# [GIVEN INFORMATION]

++++++

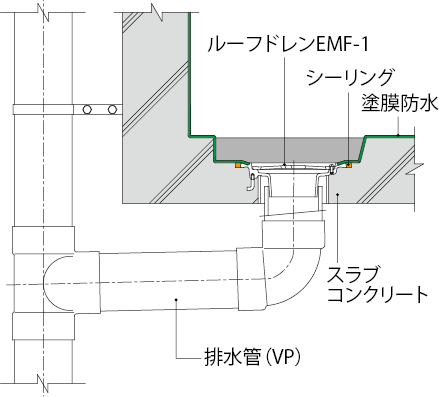 EMF−1
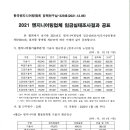문엔지니어링 - 구로구 디지털로 242 | 문엔지니어링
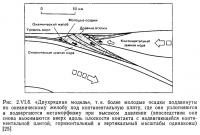 Рис. 2.VI.6. «Двухрядная модель»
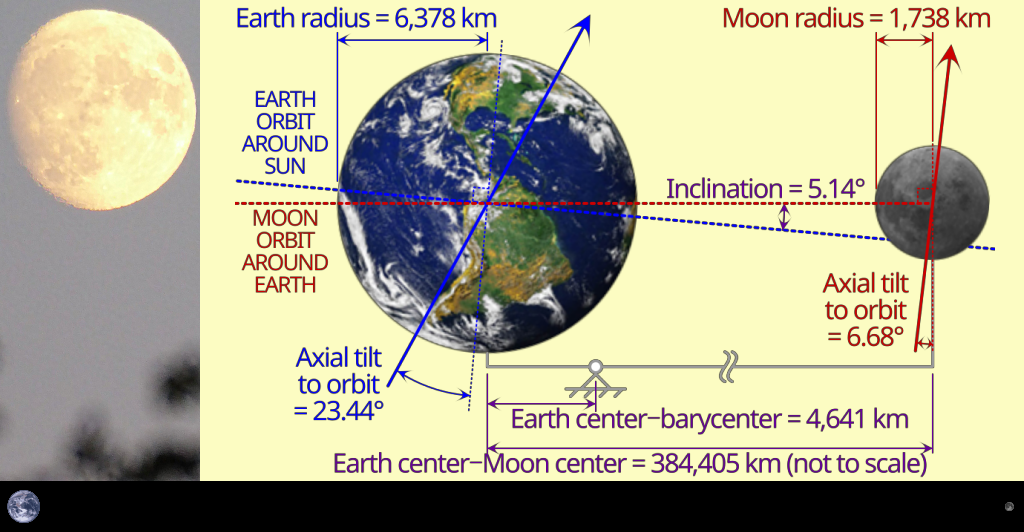 Bildbeschreibung und Urheberrecht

++++++

# [ASSIGNED TASK]
A faithful transcription of the material, with no pictures, is the expected result.

# [WRITTEN ANSWER]
 EMF−1
문엔지니어링 - 구로구 디지털로 242 | 문엔지니어링
 Рис. 2.VI.6. «Двухрядная модель»
 Bildbeschreibung und Urheberrecht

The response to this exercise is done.